There is a fundamental conflict between the natural agenda of government unions and the public interest. Because government unions prosper when government expands, regardless of the cost or benefit of new government programs. Even worse, when government programs fail, or when government policies harm the public interest—such as encouraging the mass migration of destitute, marginally assimilable immigrants—the role of government expands to address the crisis. Whenever this happens, more people become members of government unions, increasing their wealth and power.
How the Unions Intend to Thwart the Janus Ruling
If the Janus ruling makes it possible for public employees to refuse to pay union dues, these public employees will themselves share the moral conflict inherent in public sector unionism, pitting their own interests against the broader public interest. One may hope the majority of public employees will welcome working in a meritocracy, where their talent and skill and hard work will provide them with opportunities for raises and promotions. But those government employees who support the left-wing political agenda of their union, or who prefer to fall back on work rules that give them job security and overmarket pay based on seniority, probably will remain members.
But even if the Janus ruling gives public employees the right to get out of their union, will they be able to? Across the United States, union-controlled legislatures are doing their utmost to stop them from leaving.
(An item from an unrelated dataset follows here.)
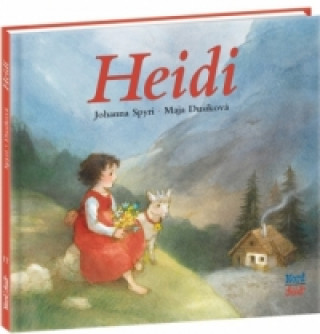 Kniha Heidi, italienische Ausgabe Johanna Spyri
For example, the California state legislature in the past few months has passed several laws to mitigate the effects of Janus. Two new laws would make it difficult, if not impossible, for employers to discuss the pros and cons of unionization with employees. Two more would preclude local governments from unilaterally honoring employee requests to stop paying union dues. Another law has modified the public records act so that only unions can gain access to employee information, preventing third parties from advocating against unionization. And across the country, labor contracts are being rewritten to make it a bureaucratic obstacle course to opt-out of union membership. Some of these contracts even require employees to quit every year, by automatically reinstating their membership (and dues withholding) annually.
When unions of government workers control a state legislature—and they do in the populous blue states of California and Illinois and elsewhere—they can do almost anything they want.
To say that government unions are one of the root causes of America’s deepest challenges is not an overstatement. They are one of the biggest funders of left-wing politicians and activists, enabling the Left to a degree far out of proportion to its actual grassroots support among Americans. They distort the political process to further their own interests. They intimidate and coopt business interests, especially in the financial sector. And they benefit whenever and wherever society fails, and government expands its power and reach in response.
Public sector unions should be illegal. The Janus v. AFSCME ruling will not go that far. But it is a gigantic step in the right direction.